• MATERIAL PROVIDED:
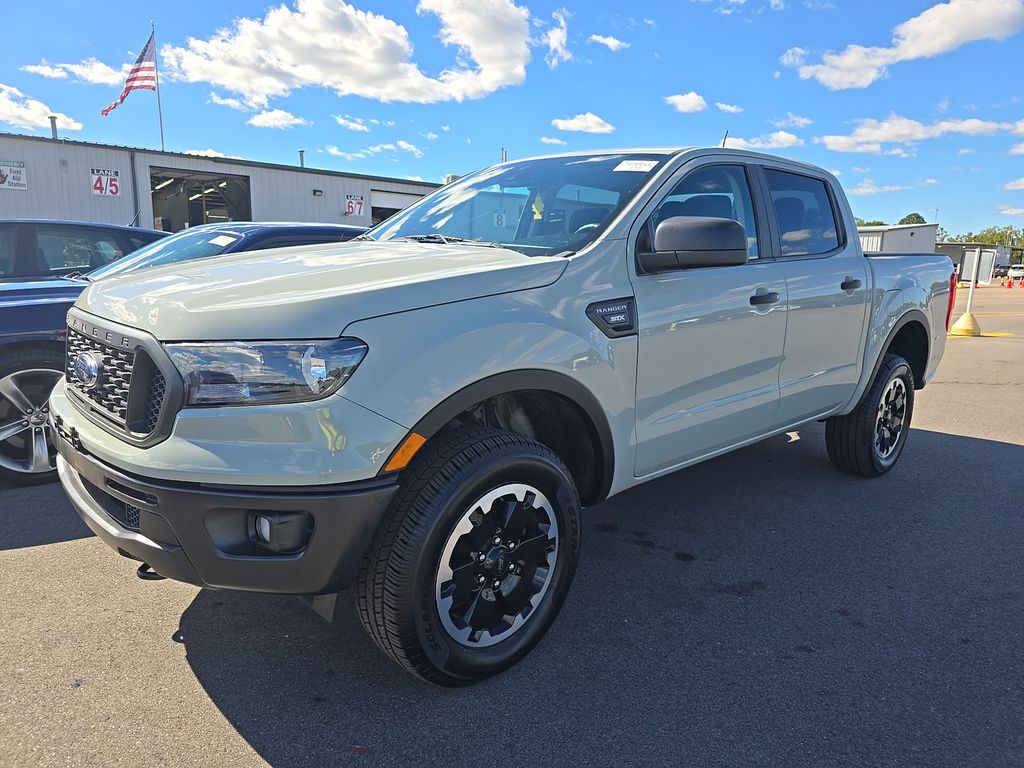2021 Ford Ranger XL photo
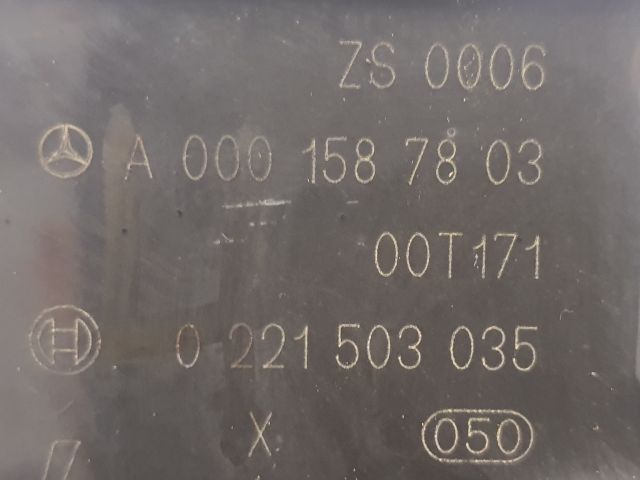 bontott MERCEDES-BENZ A-CLASS Gyújtótrafó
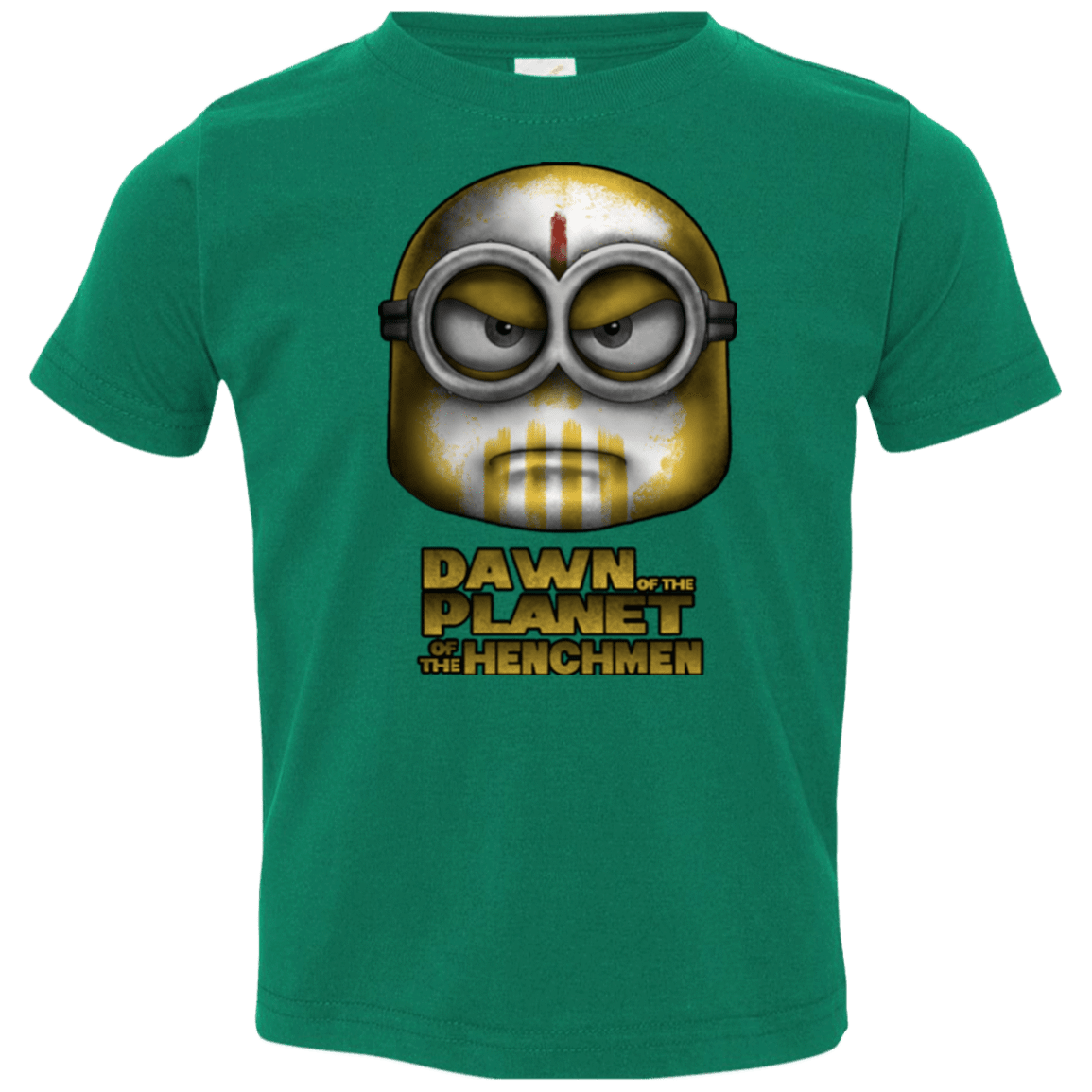 T-Shirts Kelly / 2T Dawn Henchmen Toddler Premium T-Shirt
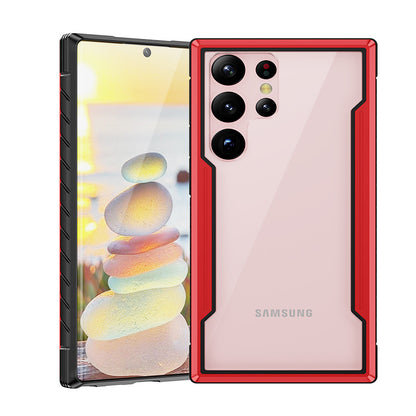 Samsung Military Grade Case | Rugged Shockproof Cover NZ - Top3C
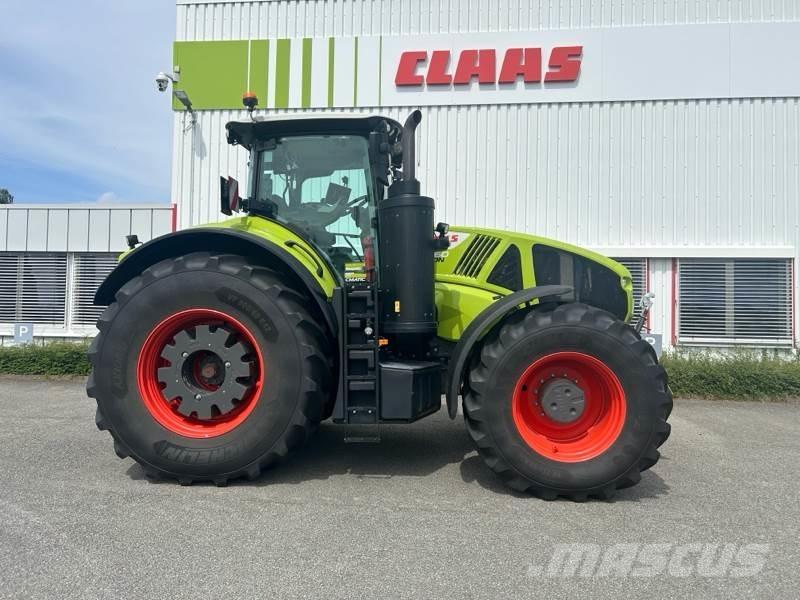 CLAAS Axion 960 الجرارات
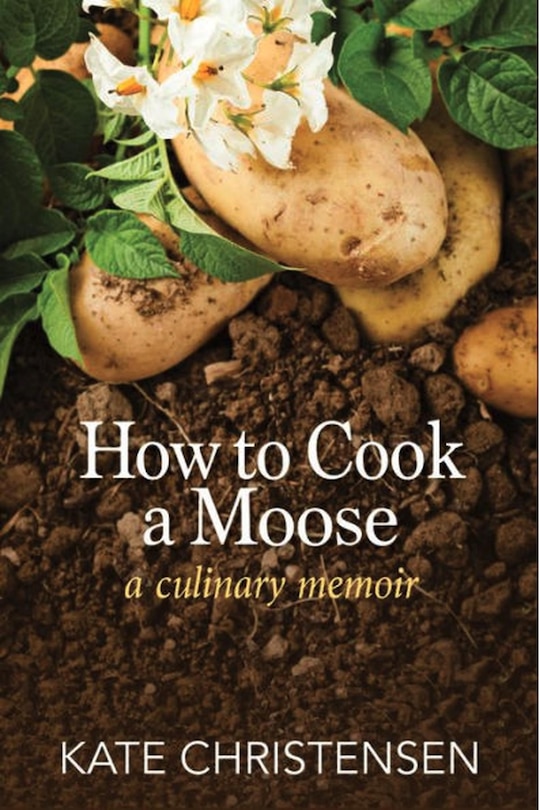 Front cover_How to Cook a Moose
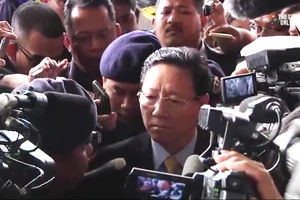 Clip:Đại sứ Triều Tiên rời Đại sứ quán ở Malaysia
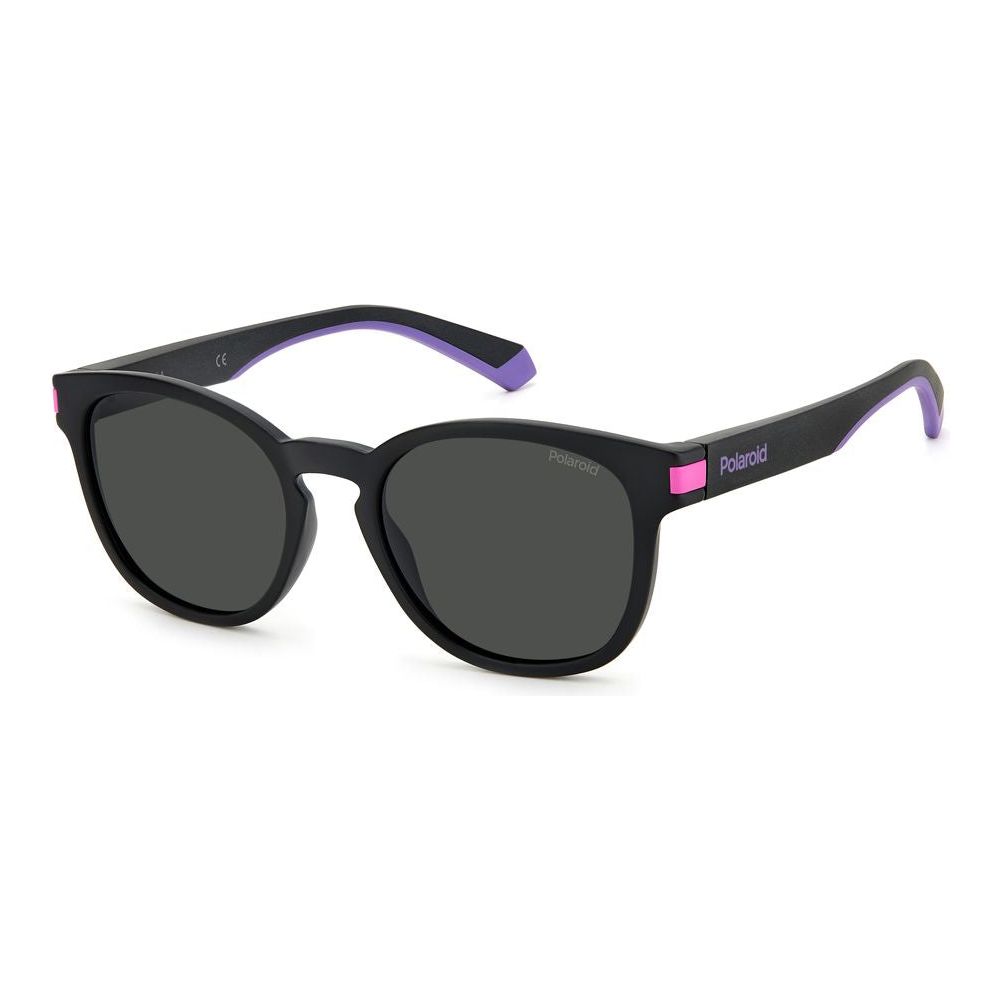 Polaroid Black Resin Sunglasses Polaroid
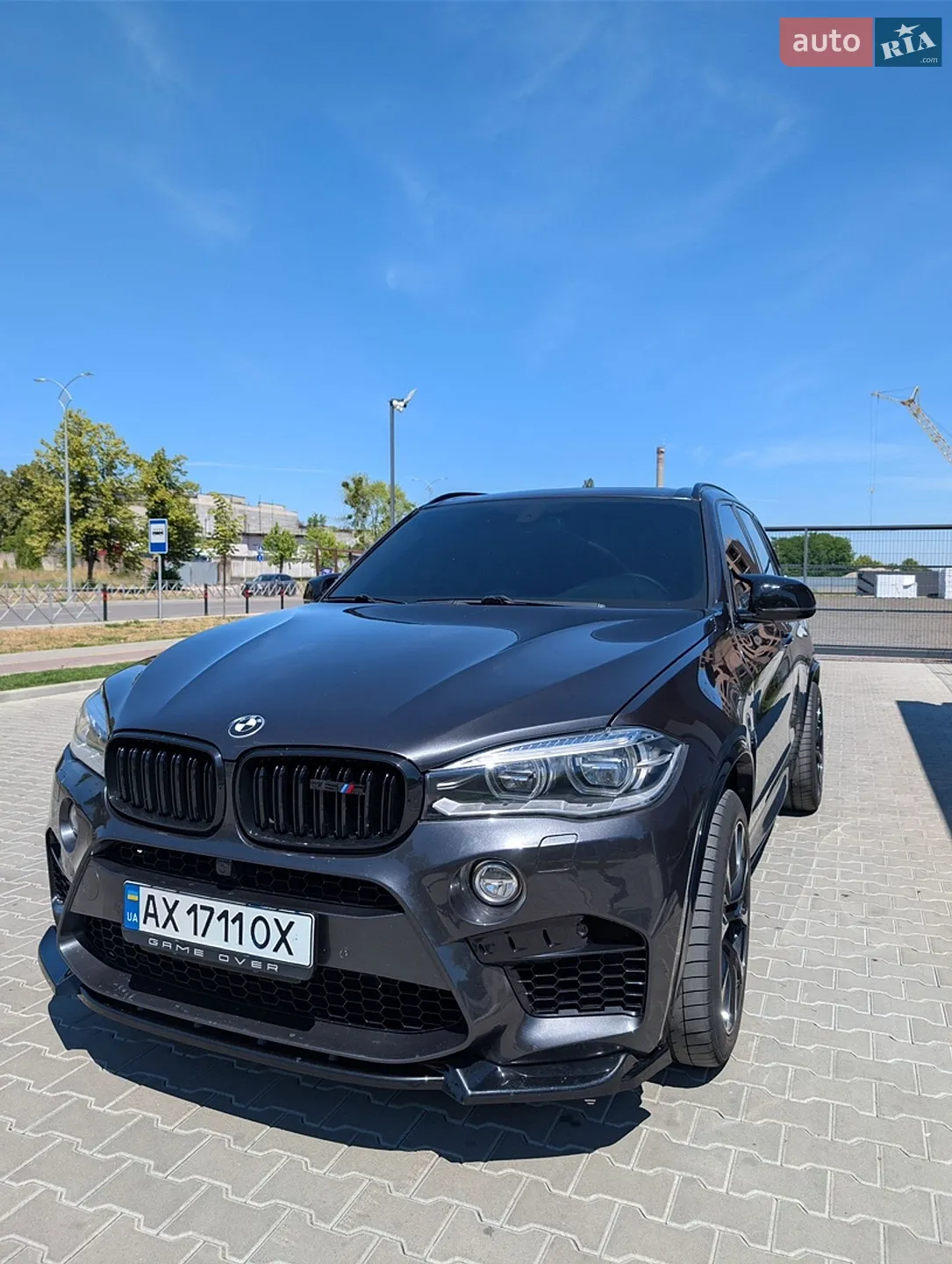 2014 BMW X5 - мініатюра 2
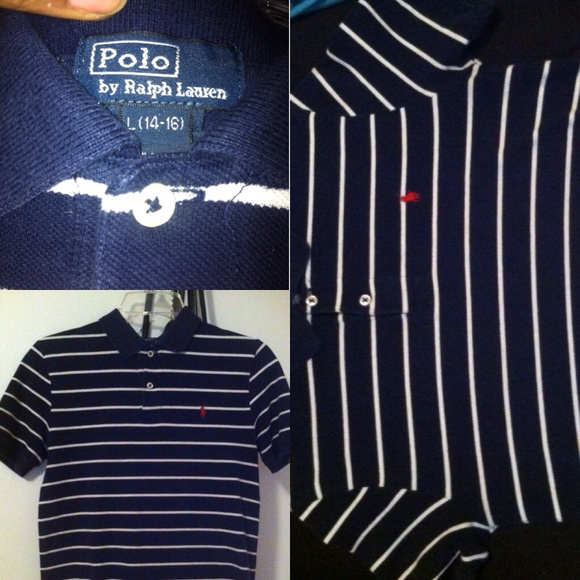 Polo shirt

• WHAT IS NEEDED: Repeat the data above exactly, but not the pictures.

• SOLUTION TO THIS PROBLEM:
2021 Ford Ranger XL photo
 bontott MERCEDES-BENZ A-CLASS Gyújtótrafó
 T-Shirts Kelly / 2T Dawn Henchmen Toddler Premium T-Shirt
 Samsung Military Grade Case | Rugged Shockproof Cover NZ - Top3C
 CLAAS Axion 960 الجرارات
 Front cover_How to Cook a Moose
 Clip:Đại sứ Triều Tiên rời Đại sứ quán ở Malaysia
 Polaroid Black Resin Sunglasses Polaroid
 2014 BMW X5 - мініатюра 2
 Polo shirt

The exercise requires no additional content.